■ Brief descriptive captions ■
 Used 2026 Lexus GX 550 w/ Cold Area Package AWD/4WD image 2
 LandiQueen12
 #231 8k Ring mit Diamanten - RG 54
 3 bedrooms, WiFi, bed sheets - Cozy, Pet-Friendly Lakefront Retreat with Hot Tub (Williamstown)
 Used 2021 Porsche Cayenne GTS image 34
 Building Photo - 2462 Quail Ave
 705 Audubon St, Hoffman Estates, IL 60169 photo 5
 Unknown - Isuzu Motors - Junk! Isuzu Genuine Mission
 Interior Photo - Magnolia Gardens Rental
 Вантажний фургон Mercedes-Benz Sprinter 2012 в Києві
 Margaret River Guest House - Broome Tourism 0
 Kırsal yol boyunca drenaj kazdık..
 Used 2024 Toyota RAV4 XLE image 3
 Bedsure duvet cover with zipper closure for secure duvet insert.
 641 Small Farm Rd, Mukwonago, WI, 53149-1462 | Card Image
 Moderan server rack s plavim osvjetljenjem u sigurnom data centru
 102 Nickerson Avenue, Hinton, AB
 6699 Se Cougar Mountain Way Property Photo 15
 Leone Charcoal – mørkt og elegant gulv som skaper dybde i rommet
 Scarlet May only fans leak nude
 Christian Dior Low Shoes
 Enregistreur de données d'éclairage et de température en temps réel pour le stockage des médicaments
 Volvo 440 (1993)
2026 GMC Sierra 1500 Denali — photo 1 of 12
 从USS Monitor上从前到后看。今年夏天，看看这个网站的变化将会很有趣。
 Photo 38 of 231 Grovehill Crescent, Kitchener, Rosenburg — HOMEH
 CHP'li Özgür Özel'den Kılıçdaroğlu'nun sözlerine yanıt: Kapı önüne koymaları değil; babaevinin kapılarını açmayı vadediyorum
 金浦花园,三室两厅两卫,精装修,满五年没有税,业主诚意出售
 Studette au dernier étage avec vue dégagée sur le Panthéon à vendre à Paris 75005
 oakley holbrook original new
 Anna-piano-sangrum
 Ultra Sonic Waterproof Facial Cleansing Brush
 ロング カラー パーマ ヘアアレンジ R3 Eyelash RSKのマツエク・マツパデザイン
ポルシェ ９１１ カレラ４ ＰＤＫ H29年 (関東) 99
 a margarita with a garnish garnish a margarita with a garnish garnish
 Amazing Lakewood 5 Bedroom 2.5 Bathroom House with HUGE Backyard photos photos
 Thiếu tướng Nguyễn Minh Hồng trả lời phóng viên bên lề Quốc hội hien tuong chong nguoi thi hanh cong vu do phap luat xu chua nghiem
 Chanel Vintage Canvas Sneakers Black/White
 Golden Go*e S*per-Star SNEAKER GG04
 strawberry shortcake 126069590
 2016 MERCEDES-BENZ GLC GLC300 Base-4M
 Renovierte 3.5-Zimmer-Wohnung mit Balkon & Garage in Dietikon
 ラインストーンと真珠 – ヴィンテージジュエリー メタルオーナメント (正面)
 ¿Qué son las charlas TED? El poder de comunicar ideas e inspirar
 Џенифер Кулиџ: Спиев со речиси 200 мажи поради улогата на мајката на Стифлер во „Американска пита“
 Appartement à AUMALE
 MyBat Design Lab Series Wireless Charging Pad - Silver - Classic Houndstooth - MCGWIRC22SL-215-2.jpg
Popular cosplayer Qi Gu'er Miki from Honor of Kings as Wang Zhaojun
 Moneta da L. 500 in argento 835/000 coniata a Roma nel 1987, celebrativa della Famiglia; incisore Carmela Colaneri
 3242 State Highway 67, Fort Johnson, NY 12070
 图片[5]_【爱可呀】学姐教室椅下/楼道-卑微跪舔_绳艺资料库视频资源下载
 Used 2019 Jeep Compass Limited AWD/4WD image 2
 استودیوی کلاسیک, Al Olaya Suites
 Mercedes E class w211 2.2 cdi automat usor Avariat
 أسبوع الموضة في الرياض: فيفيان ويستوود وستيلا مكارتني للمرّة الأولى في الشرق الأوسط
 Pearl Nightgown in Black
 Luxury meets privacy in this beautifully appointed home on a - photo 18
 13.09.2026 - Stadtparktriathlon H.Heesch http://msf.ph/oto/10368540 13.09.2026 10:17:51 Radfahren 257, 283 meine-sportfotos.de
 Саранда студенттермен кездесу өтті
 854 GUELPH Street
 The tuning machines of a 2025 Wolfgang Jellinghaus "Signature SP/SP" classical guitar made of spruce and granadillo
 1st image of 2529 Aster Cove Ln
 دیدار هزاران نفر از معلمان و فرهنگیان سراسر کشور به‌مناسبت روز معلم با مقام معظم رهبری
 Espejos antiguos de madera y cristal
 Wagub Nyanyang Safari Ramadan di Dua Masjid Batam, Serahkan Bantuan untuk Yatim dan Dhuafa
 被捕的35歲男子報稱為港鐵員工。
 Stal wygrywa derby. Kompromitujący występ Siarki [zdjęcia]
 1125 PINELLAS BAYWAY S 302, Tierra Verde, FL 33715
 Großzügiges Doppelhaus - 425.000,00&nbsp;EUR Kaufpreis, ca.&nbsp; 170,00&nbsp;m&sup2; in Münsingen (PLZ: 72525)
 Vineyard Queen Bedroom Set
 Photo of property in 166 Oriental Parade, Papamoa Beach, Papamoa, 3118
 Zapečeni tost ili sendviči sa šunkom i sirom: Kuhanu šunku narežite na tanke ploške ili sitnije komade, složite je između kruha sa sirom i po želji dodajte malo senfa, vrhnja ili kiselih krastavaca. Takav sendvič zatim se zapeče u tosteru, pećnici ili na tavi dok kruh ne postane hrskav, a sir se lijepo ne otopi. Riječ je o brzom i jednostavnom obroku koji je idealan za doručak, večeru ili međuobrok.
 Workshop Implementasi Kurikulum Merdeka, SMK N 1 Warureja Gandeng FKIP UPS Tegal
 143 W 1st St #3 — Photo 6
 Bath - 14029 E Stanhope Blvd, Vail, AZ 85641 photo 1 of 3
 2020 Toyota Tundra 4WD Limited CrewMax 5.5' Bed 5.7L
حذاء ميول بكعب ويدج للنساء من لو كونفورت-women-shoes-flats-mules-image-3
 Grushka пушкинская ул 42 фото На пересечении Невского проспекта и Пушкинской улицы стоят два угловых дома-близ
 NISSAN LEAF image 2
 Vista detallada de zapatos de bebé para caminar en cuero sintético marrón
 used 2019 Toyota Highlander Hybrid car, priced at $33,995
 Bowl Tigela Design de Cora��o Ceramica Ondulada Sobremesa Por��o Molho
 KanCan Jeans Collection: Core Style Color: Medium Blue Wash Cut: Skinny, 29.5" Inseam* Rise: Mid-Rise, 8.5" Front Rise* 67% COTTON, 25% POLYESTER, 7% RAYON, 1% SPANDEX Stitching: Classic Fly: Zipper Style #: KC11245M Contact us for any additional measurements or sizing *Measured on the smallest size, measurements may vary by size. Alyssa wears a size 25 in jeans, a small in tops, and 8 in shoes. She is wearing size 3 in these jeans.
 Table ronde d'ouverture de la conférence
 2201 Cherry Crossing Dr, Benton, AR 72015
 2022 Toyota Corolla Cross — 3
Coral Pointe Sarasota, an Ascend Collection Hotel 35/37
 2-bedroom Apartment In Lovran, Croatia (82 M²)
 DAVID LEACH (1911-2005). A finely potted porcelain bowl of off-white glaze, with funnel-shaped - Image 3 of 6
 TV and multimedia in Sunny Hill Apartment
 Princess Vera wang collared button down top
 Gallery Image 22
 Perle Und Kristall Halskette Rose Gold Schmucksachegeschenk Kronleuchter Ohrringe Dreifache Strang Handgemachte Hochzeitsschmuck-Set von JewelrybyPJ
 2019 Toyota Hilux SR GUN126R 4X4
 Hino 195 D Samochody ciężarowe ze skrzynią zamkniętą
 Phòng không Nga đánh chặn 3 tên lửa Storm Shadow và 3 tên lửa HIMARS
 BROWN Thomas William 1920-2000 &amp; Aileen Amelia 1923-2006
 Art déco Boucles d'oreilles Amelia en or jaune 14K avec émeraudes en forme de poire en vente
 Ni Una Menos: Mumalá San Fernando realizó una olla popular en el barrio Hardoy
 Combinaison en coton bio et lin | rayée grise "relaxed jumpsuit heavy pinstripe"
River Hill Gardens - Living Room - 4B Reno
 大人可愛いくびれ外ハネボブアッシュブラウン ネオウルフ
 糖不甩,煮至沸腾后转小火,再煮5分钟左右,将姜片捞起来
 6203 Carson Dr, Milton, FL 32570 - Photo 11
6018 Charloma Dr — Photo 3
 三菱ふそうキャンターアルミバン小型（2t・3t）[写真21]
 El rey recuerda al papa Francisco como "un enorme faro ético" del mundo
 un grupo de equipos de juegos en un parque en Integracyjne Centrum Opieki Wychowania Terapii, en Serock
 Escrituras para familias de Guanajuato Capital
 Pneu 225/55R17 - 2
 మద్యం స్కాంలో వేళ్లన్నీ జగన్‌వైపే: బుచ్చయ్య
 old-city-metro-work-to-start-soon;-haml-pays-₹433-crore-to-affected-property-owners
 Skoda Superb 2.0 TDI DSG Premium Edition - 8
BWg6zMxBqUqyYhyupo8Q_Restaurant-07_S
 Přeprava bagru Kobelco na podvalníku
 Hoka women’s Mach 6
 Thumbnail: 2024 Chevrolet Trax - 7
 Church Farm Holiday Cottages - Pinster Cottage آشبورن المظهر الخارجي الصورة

■ What the task asks ■
Reproduce only the lines between the line containing "Escrituras para familias" and the last line of the records, those two lines included, exactly.

■ Answer box ■
 Escrituras para familias de Guanajuato Capital
 Pneu 225/55R17 - 2
 మద్యం స్కాంలో వేళ్లన్నీ జగన్‌వైపే: బుచ్చయ్య
 old-city-metro-work-to-start-soon;-haml-pays-₹433-crore-to-affected-property-owners
 Skoda Superb 2.0 TDI DSG Premium Edition - 8
BWg6zMxBqUqyYhyupo8Q_Restaurant-07_S
 Přeprava bagru Kobelco na podvalníku
 Hoka women’s Mach 6
 Thumbnail: 2024 Chevrolet Trax - 7
 Church Farm Holiday Cottages - Pinster Cottage آشبورن المظهر الخارجي الصورة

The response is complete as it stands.